Evin içinde çıplak ayakla yürürken sürekli ayağımın altına yapışan bir karpuz çekirdeği var.  Yazın habercisidir, bekar evinde ayağın altına yapışan karpuz çekirdeği. Günlerdir, belki aylardır evin içinde beraber yaşıyoruz. Umursamıyorum. Evin herhangi bir odasında ayağımın altına yapışıyor, bir süre benimle birlikte dolaşıyor evde. Sonra, canı sıkılınca bırakıyor kendini yine evin herhangi başka bir odasına. Direniyor üstelik elektrikli süpürge vakumlarına. Her gün üzerine bastığım o karpuz çekirdeği, ben temizlik yaparken, nasılsa kaçıp saklanıyor bir yerlere. Sonra yine çıkıyor salonun ortasına. Nasıl bu kadar hızlı saklanıyor ve yine nasıl bu kadar hızlı ortaya çıkıyor. Temizlik yapacağımı nasıl önceden bilebiliyor? Aynı şeyi odadaki sandalyeniz yapsa kafayı yersiniz ama umursamıyoruz karpuz çekirdeklerini.

   Havalar biraz soğumaya başlayınca, kendiliğinden kayboluyor üstelik. Kim bilir belki daha sıcak ülkelere göç ediyordur topuktan topuğa dolaşarak. Bir sonraki yıl havalar ısınınca tekrar çıplak ayakların altına yapışmacalı bir göç rotası izleyerek geri geliyordur. Belki, geçen yaz ve önceki diğer yazlar topuğunuza yapışan karpuz çekirdeği, hep aynı karpuz çekirdeğidir. Belki de değildir. Belki henüz yapışamadan birinin topuğuna ve gidemeden daha sıcak yerlere, bir kaç arsız karınca tarafından kışlık yiyecek olarak yuvaya çekiliyordur. Ya densizin biri alıp çitlerse? Bakmayın öyle! Kuruyemiş olarak tüketildiği yerler de var karpuz çekirdeğinin. Ayçiçeğinden pahalı üstelik.

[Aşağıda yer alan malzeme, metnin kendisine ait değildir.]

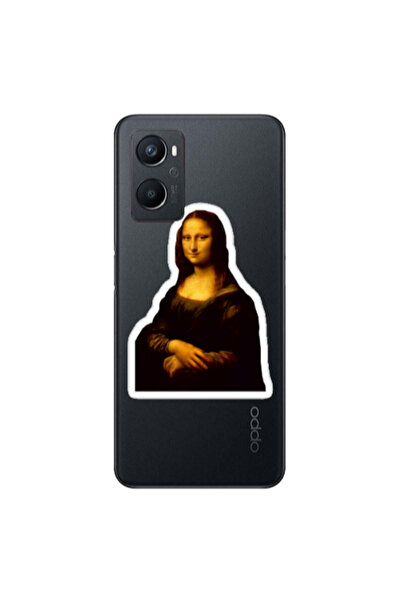 Other Oppo A 96 Davinci Transparent Silicone TPU Θήκη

   Bir süredir ayağımın altına yapışan bir karpuz çekirdeği yok evde. Havalar epey soğumuş olmalı. Maalesef gidişi eksikliğiyle anlaşılan şeyler oluyor hayatımızda. Bir veda bile etmeden, sessizce çıkıp gidiyorlar; özellikle de gitmeden önce varlığını pek umursamadığınız şeylerin gidişi koyuyor insana. Karpuz çekirdekleri gibi mesela... Hani usulca hayatımdan çıkmamış olsa bir karpuz çekirdeği, kalkıp da kimseye; evin içinde sürekli ayağımın altına yapışan ve bütün evi öyle dolaşan bir karpuz çekirdeği var diye anlatmazdım. Ama anlatıyorum şu anda. Çünkü evde ayağımın altına yapışan bir karpuz çekirdeği yok artık. Niyeyse garip bir hüzün kaplıyor ruhumu bu kez. İçimde bir burukluk oluyor. Ceylan Ertem'li Vega şarkıları kadar soğudu Ankara ve bir süre bir odasında, bir süre başka bir odasında kaldığım bu evde, topuğuma yapışan bir karpuz çekirdeği dahi olmaksızın üşüyorum mütemadiyen. Karpuz çekirdeği evden gittiği için kendimi suçlu hissediyorum.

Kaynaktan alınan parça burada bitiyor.